To win on that most unforgiving circuit you need the perfect car, the ability to wring everything out of it, a fearless attacking mindset, an instinct for survival and be a little crazy. If it was a movie, it’d be called True Grit featuring the gritty New Zealander Matt Payne and his talented and trusty sidekick, the gristled Aussie battler Garth Tander.
There were heroes and heartbreak everywhere. Supercars star in the making, Kiwi Ryan Wood, seemed destined for a fairytale win until his Mustang cried enough, coughed and died behind the safety car – another heartbreak and agony that belongs in Bathurst’s ever-increasing ledger of could-have-beens.
He wasn’t the only one the Mountain bit hard during that rolling epic punctuated by seven safety cars. The list of drivers who were put into their place by the vengeful Mount Panorama Gods was long and illustrious.
Payne had ice in his veins and with the wily old fox Tander, turned an 18th-place start into a victory that will be argued, dissected and revered about in pubs, racetracks and pit lanes for decades to come.
Matthew Payne drives the No 100 Penrite Racing Ford Mustang GT during the 2025 Bathurst 1000. Photo / Getty Images
To win Bathurst, you need speed, yes, but you also need nerve, luck, and the Mountain to smile upon you – for Payne and Tander, all three aligned for them and the rest of the field were put to the sword.
This wasn’t a tidy stopwatch contest; it was a ceaseless knife-fight for track position through rain spray, fog, crashing cars, safety cars and fading light. The middle hours of the race were pure spectacle with tension, dice-rolling strategy, tyre calls and heart-in-the-mouth moments across the top of the Mountain all precariously balanced on a knife-edge.
James Golding may have crossed the line first, only to be demoted by a five-second penalty for nudging Cooper Murray off the track. This elevated David Reynolds and Lee Holdsworth to second and confirmed Payne and Tander as victors of the wildest race in years.
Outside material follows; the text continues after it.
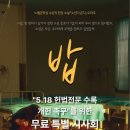 팬타곤 Daum카페
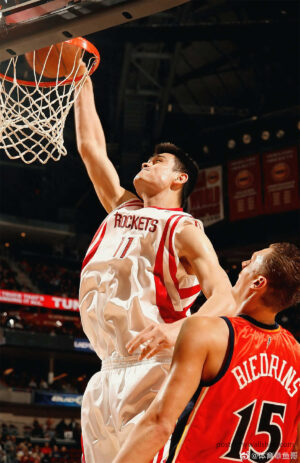 NBA Yao Ming's International Basketball Achievements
Bathurst doesn’t care about scripts; it cares about judgment at 280km/h in the wet. On that count, Payne was flawless when it mattered.
Matthew Payne and co-driver Garth Tander celebrate their victory at Bathurst. Photo / Getty Images
And then, the legacy piece. Tander’s sixth Bathurst crown, 25 years after his first, sealing his status among the Mount’s immortals. It wasn’t just experience; it was mentorship and composure, a master guiding a shining star. Payne’s post-race admission that it was “absolutely insane” barely covers it. He managed the storm, dodged the carnage, and pounced when the gods cracked the door open. This was the Great Race in full, ungovernable bloom.
A once-in-a-lifetime Bathurst? Absolutely. It was messy, magnificent, and merciless. The Mountain reminded us that greatness isn’t neat, it’s noisy and difficult to achieve. If you love motorsport for its human traits of judgment, courage and heartbreak, the 2025 edition gave you everything.